Emerging low-cost carrier Akasa Air plans to raise about $130-140 million from a family-office led consortium headed by two of India’s best known entrepreneurs, Premji Invest founded by Wipro scion Azim Premji, and Claypond Capital headed by Manipal Group founder Ranjan Pai. The family of late billionaire investor Rakesh Jhunjhunwala is reinvesting to restate their commitment to Akasa’s growth, as the family takes some hits in their finance. Strategic infusion of capital is expected to help Akasa navigate the challenges it will face in the future with aircraft delivery delays and thus allow for its continued expansion.
Strategic Partnership for Akasa Air’s Growth
The deal, now nearly final, has been formalized through a term sheet signed some time earlier this month by Akasa and the Premji Invest-Ranjan Pai consortium. Much-needed liquidity will flow to support Akasa’s expansion plans, particularly through pre-delivery payments for aircraft. The funding round will likely close soon after CCI approval in India.
- Premji Invest and Claypond Capital: These two prominent family offices are now entering the picture, signaling confidence in Akasa’s potential in India’s competitive aviation market.
- Rakesh Jhunjhunwala’s Family Reinforcement: The strongest re-investment signal from Jhunjhunwala’s family is, of course, the continuing re-investment in Akasa. And they are now the airline’s largest shareholder having a large stake in it.
Investment Details and Timeline
Akasa had initially planned to wrap up the investment deal by October, but the discussions went delayed over discrepancies in projected revenue figures. Now the contours of the deal are all locked in, with funding to be between $130 and $140 million.
- Asset-Light Model: Like many low-cost carriers, Akasa operates on an asset-light model, where it purchases aircraft from manufacturers, sells them to lessors immediately, and then leases them back. This is the cash flow that the airline needs to operate.
- Aircraft Delivery Delays: The delay in Boeing 737 Max aircraft deliveries has, however, affected Akasa’s income from its sale-and-leaseback model, leading to a significant impact on its projected revenue in the short term.
The discount on the company’s valuation in this round was somewhat larger than Akasa’s previous valuation of $86 million in 2021; however, the participation by the consortium signals growing confidence in the airline’s future prospects.

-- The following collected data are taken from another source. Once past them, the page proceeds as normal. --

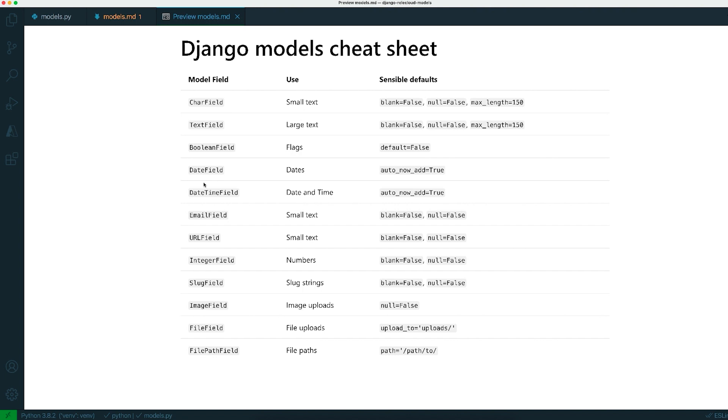For storing dates and times or date time stamps, you can use either the date field or the date time field. These are both really useful if you want to record when was this object created, for example, when was it last edited.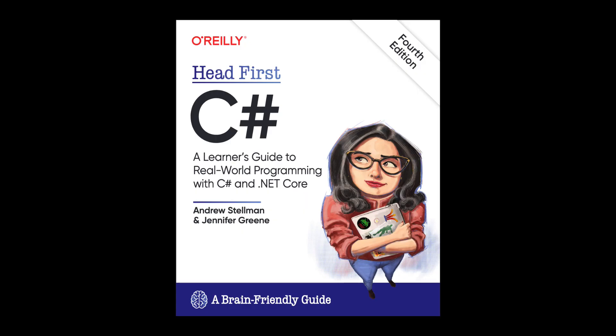If you like reading, I have three books to recommend. The first one is Head First C-Sharp. I like the writing style of the Head First series because they are fun and engaging. In this book, you will build a fully functional game. You will learn how to use classes and object-oriented programming, how to create 3D games in Unity, how to query data with LINQ, and so much more.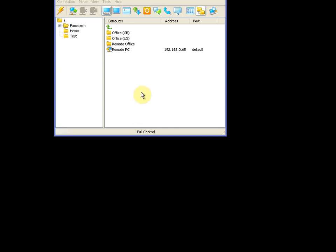Hi Radmin users! I'm going to make a short presentation about how to transmit audio from the remote PC to the local PC.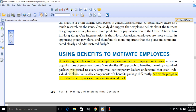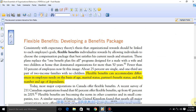Aapki jo different employees hain unki different nature hoti hai. They have different capabilities, different skills, different talents, and different requirements. Unki requirements ko dekhte hue individual base pe aapne employees ke liye benefits decide karne hote hain. That's why we say we need a flexible benefits program. Aapne dekhna hai ke aapke employees ki needs kya hain — unki age, marital status, partner's benefit status, and number and age of dependents.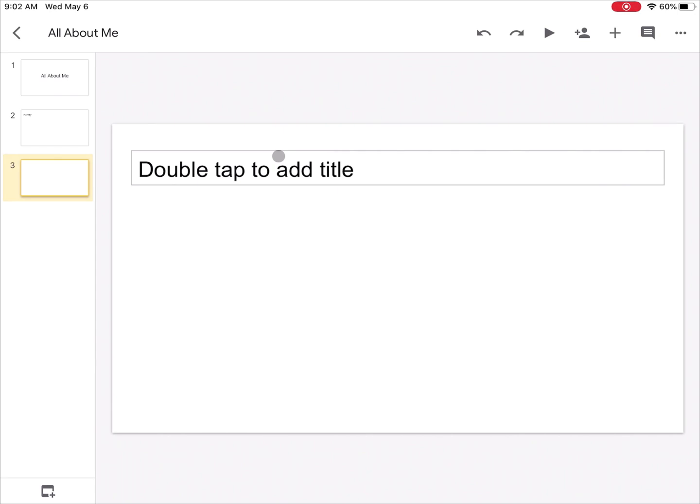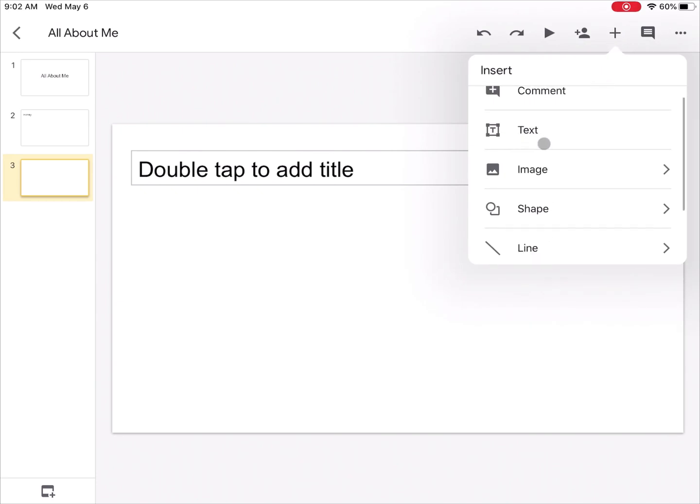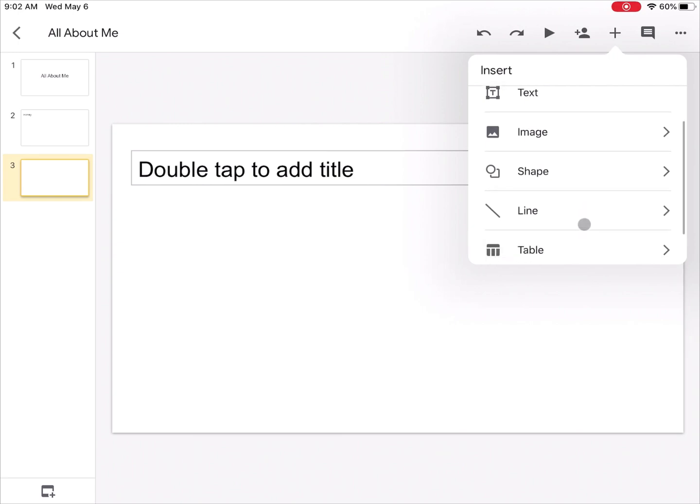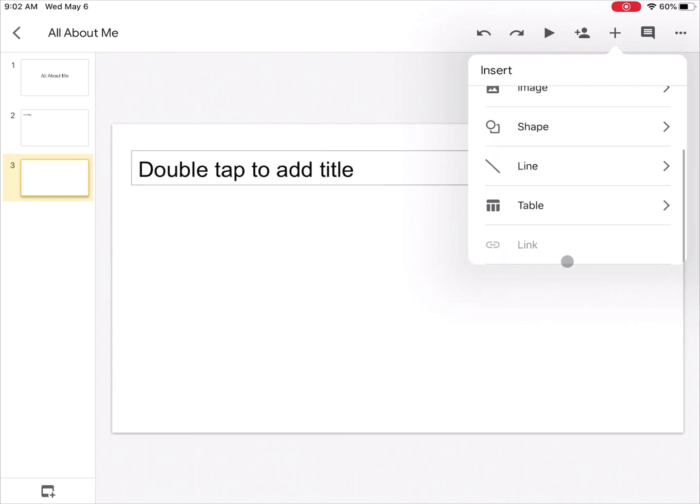Now if I wanted to maybe add something besides text to my slide, that's where these buttons up here come into play. I have a plus sign and if I tap on the plus sign, these are the different things that I can add: text boxes, images, shapes, lines, tables, or even website links if I need to.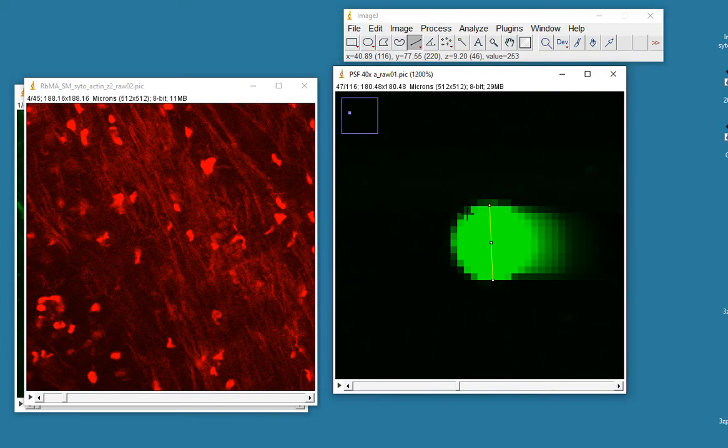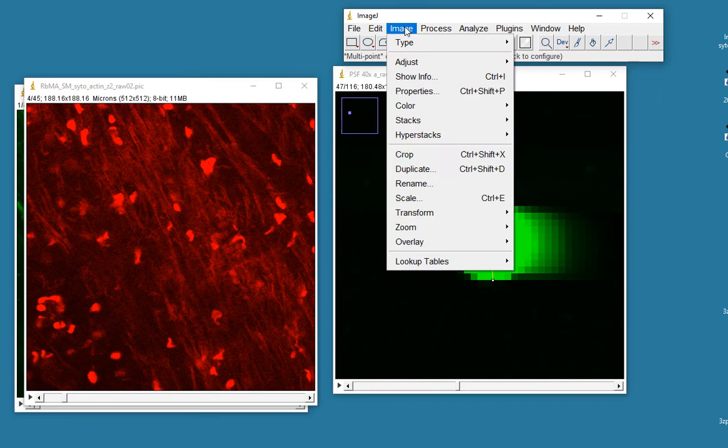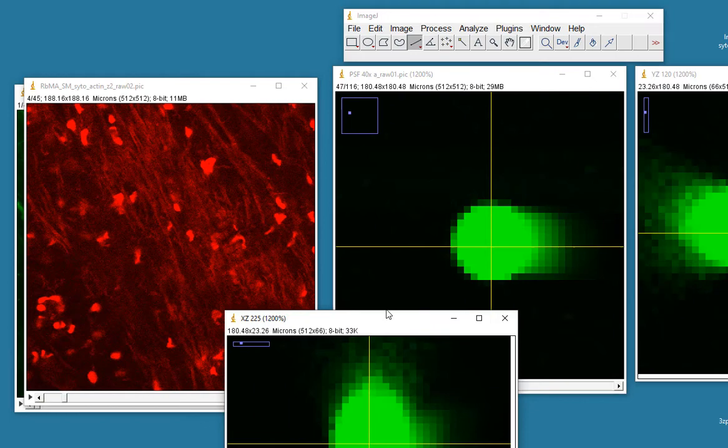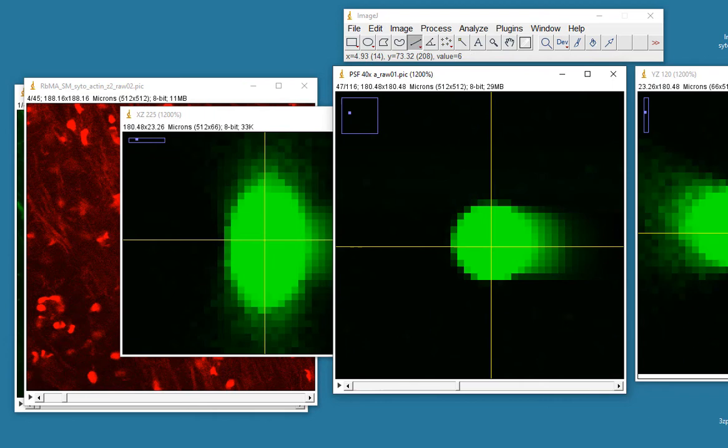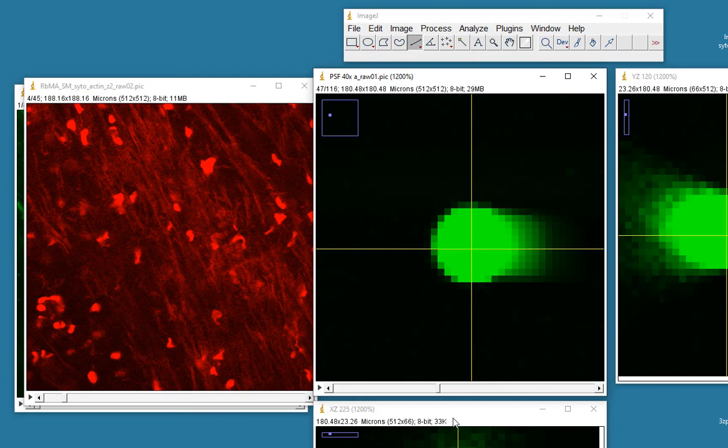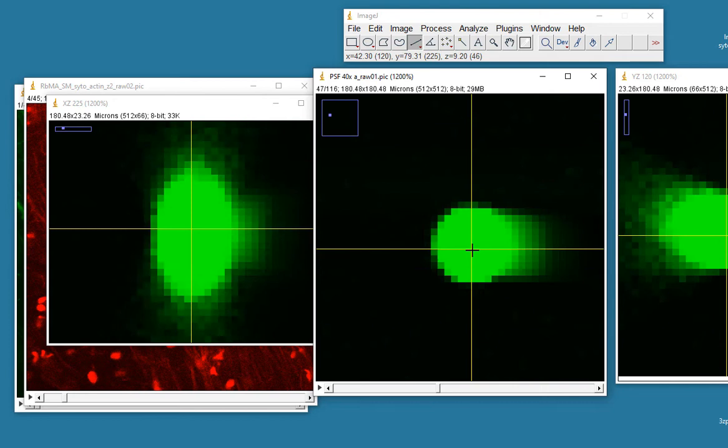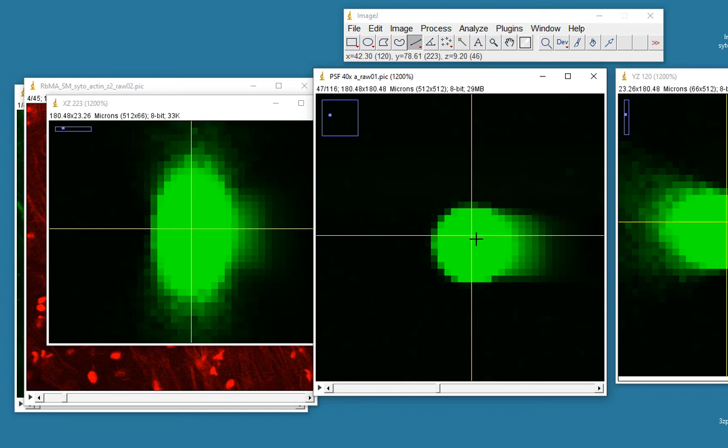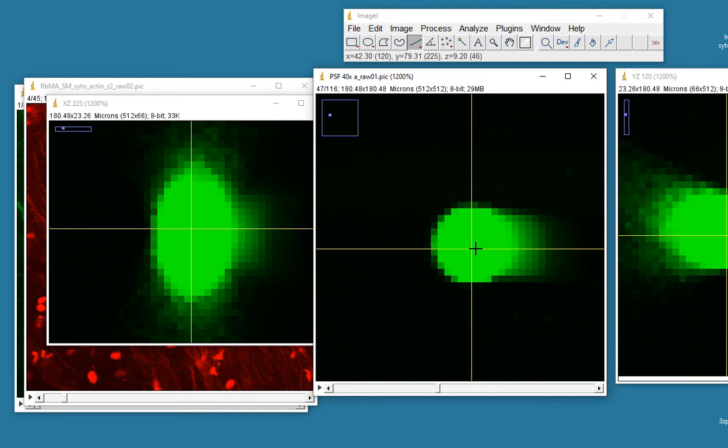So if I was to look at this bead from the side along the depth axis, which is the Z axis, it should also look like a sphere. However, when we look at the orthogonal views, you can see here that as I move the Z projection, as I move the orthogonal slice, both the XY and XZ projections show us that along the depth, down through the depth of the dataset, the bead appears to be elongated.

Plans for the Fresh Capital
The money raised in this round of investment will primarily be used to fuel the expansion efforts of Akasa. A portion of the capital will be allocated for pre-delivery payments on aircraft, which will ensure a steady inflow of new planes for the airline. Since the gestation costs in its initial years are very high, this fresh infusion of capital is essential to keep Akasa’s growth momentum going.
- Fleet Expansion: Akasa Air would like to increase its fleet through an order of 76 Boeing 737 Max aircraft and another 150 put in place in January 2024.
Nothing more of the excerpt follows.